Take personal computers, for example. Dell Inc. was No. 1 in PCs not so long ago, but that is no longer the case. A decade ago, IBM was dominant in PCs, but chose to exit that commoditized business altogether.

News events, such as the oil spill of BP or the government's civil suit against Goldman Sachs Group Inc., can also hammer a prominent brand.

"Competitive advantage these days is difficult to obtain and it is difficult for a business to have an indefinite wide moat," said Richard Cripps, chief market strategist with Stifel Nicolaus in Baltimore. "Pay careful attention not only to a company's competitive advantage today, but also how good the company will be in adapting to inevitable changes from technology and globalization."

Coca-Cola Co., a long-time favorite of investor Warren Buffett, was for many years considered to have the widest of moats because no one could ever replicate its business. Yet Coca-Cola really hasn't made money for its investors in 15 years, Cripps noted.

"Wide moat companies don't necessarily correlate to good investments, because if they did, why do they have to spend so much money on advertising?" asked Arthur Hogan, director of global equity product for Jeffries & Co. in Boston. "If you go to a restaurant and ask for Diet Coke and they say they only have Diet Pepsi, most people say that's fine. Does that mean the impact of Coca-Cola's advertising has gone out the window?"

The combination of Coca-Cola and PepsiCo Inc. spends more money on advertising each year than the gross domestic product of most emerging countries, Hogan noted, and that means they give up a lot in profit margins to pay for that advertising.

"Companies are nipping at the heels of wide-moat companies such as Phillip Morris, Coca-Cola, Clorox and Procter & Gamble, but not really taking huge market share away because those firms' marketing and global distribution are so formidable," said Paul Nolte, managing director at Dearborn Partners in Chicago. "Where a wide moat really helps you out is in a tumultuous market, such as 2008, providing decent rates of return and downside protection."

Discount powerhouse Wal-Mart Stores Inc. had a positive rate of return during the deep recession, but hasn't performed as well since the market bottomed out in March, said Nolte.

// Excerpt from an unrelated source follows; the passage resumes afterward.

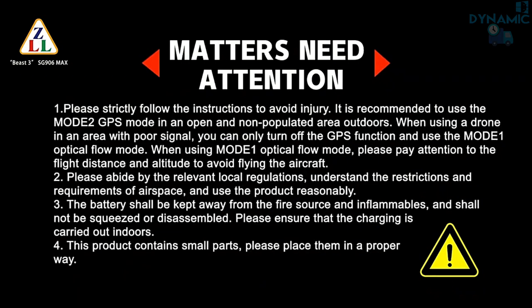Please strictly follow the instructions to avoid injury. It is recommended to use the GPS mode in an open and non-populated area.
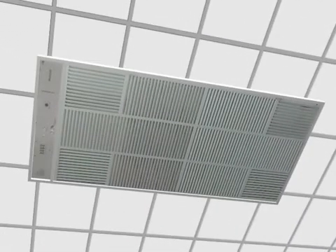Honeywell Electronic Air Cleaners provide a highly efficient whole-house air filtration system to minimize the threats of dirty air.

Instead, retailers such as Target Corp. and Aeropostale Inc. have prospered from the economic upturn.

Apple Inc. (AAPL) is pointed to by both Cripps and Hogan as a wide-moat company because of its innovative offerings such as iPad, iPod, iPhone and iTunes, as well as its ability to attract consumers. It can tell its fans to "stay tuned" for months when it's going to be coming out with something new and "really cool," said Hogan.

Despite plenty of competitors and the fact that cheaper versions of its products can be produced by others, Apple's brand image and products keep it well ahead of the pack. One challenge it faces, however, is that it is best known in the U.S. and not as popular in growing international markets.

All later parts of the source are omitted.